**How to complete this task**:
Working through the data below, reproduce word for word the line with "Modern Villa in" and every line after it, both ends included, and omit the pictures.

**Provided records**:

○ ○ ○ ○ ○ ○ ○

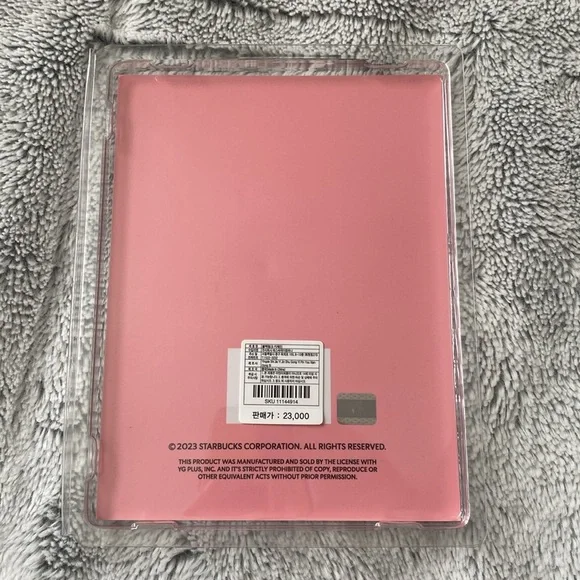 Blackpink x Starbucks collab keychain!
Brand new. Never opened. - Picture 2 of 3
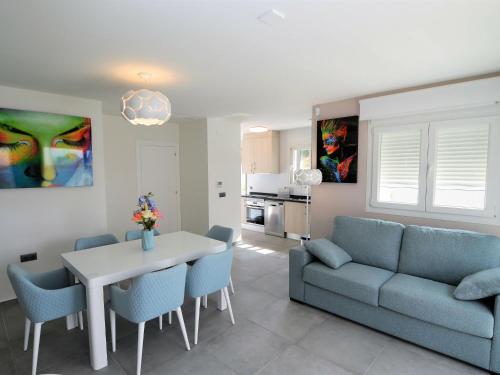 Modern Villa in Rojales with Private Swimming Pool - image 8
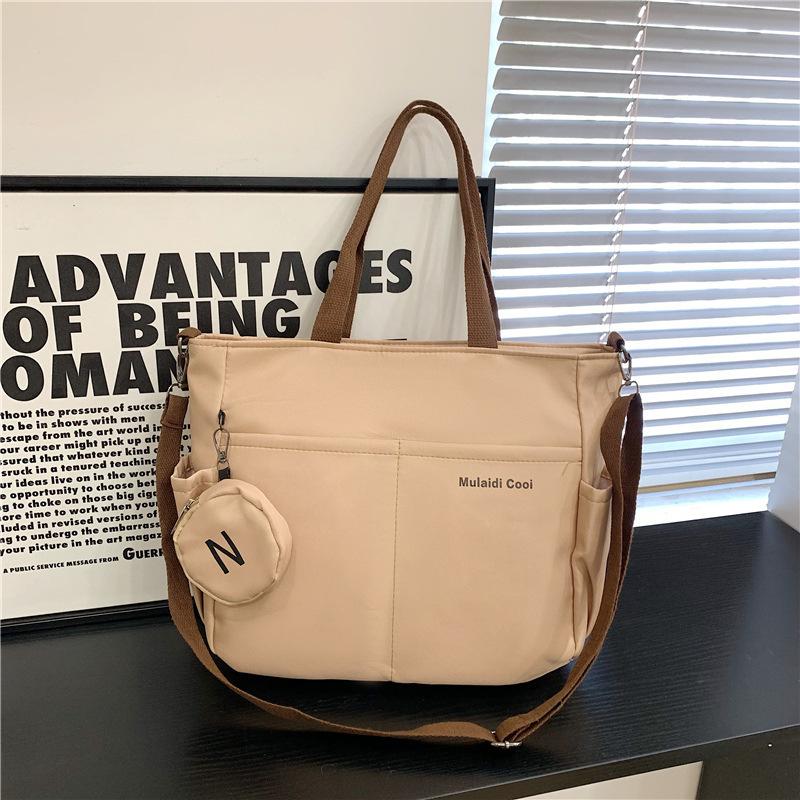 Crossbody canvas bag New American retro shoulder bag Large capacity student class bag Tote bag Commuter messenger bag хакі
Crossbody canvas bag New American retro shoulder bag Large capacity student class bag Tote bag Commuter messenger bag хакі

○ ○ ○ ○ ○ ○ ○

**Result of the exercise**:
 Modern Villa in Rojales with Private Swimming Pool - image 8
 Crossbody canvas bag New American retro shoulder bag Large capacity student class bag Tote bag Commuter messenger bag хакі
Crossbody canvas bag New American retro shoulder bag Large capacity student class bag Tote bag Commuter messenger bag хакі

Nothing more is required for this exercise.